L'EDITO DU MOIS de Novembre

L'EDITO DU MOIS
de Patrick Rakotomalala 
 
J’ai découvert le Forim au moment où, lançant Fact Madagascar, notre fédération d’associations et ONGs de la Diaspora malgache, nous recherchions des organisations de référence. Nous voulions évaluer des modèles sur lesquels nous pourrions nous appuyer et bâtir notre plate-forme. Fact Madagascar avait ainsi, elle aussi, vocation à soutenir, inspirer, accompagner, professionnaliser les OSIM malgaches. Le programme PRA/OSIM nous offrait, par ailleurs, à travers une labellisation OPAP, l’opportunité de formaliser notre savoir faire méthodologique en termes de dossiers de projets. De fait, je ne voyais dans le FORIM qu’une meta-organisation qui ne semblait avoir comme principale vocation que la production de plaidoyers, la promotion et le soutien des OSIM et le financement de leurs micro-projets.

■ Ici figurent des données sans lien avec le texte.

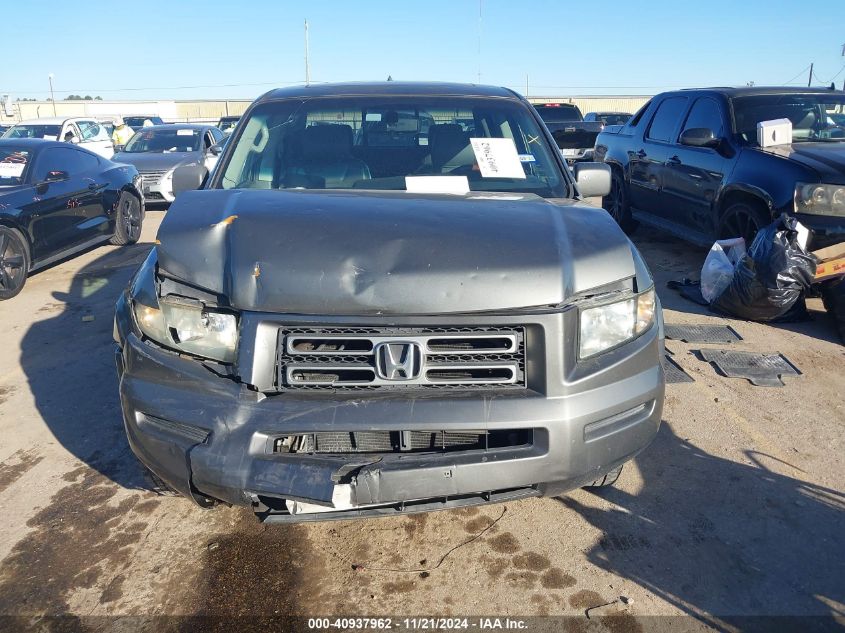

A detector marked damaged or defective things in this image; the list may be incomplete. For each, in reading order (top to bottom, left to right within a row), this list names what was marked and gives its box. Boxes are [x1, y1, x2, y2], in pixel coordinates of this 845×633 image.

broken headlight [130, 251, 239, 360]
dented hood [157, 189, 632, 314]
broken headlight [576, 288, 656, 358]
broken headlight [792, 183, 844, 217]
cracked bumper cover [113, 292, 664, 512]
damaged front bumper [113, 288, 664, 520]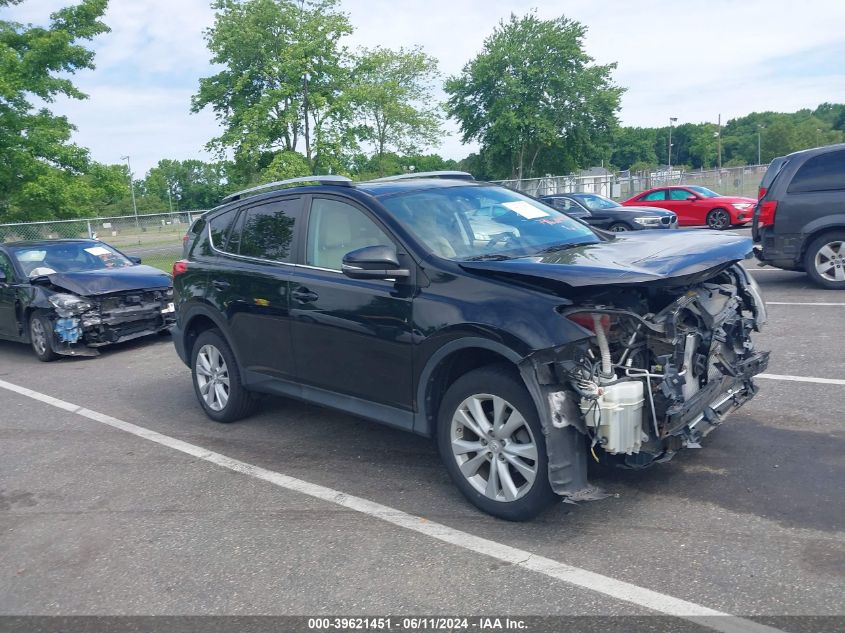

Ce n’était, de ma part, qu’une vue paresseuse de l’esprit que j’allais largement réviser une fois au cœur de notre écosystème. Notre Forim, avec ses salariés et ses bénévoles, à travers ses différents programmes et initiatives, à travers la défense de l’expression de nos solidarités ICI (Coups de Pouce, Journées Jim, séminaires et formations, Prix Madiba, etc ….), et LA-BAS (Pra/Osim, Codev, RIS, …), porte en fait une dimension qui lui donne bien plus de sens et doit lui conférer une autre ambition.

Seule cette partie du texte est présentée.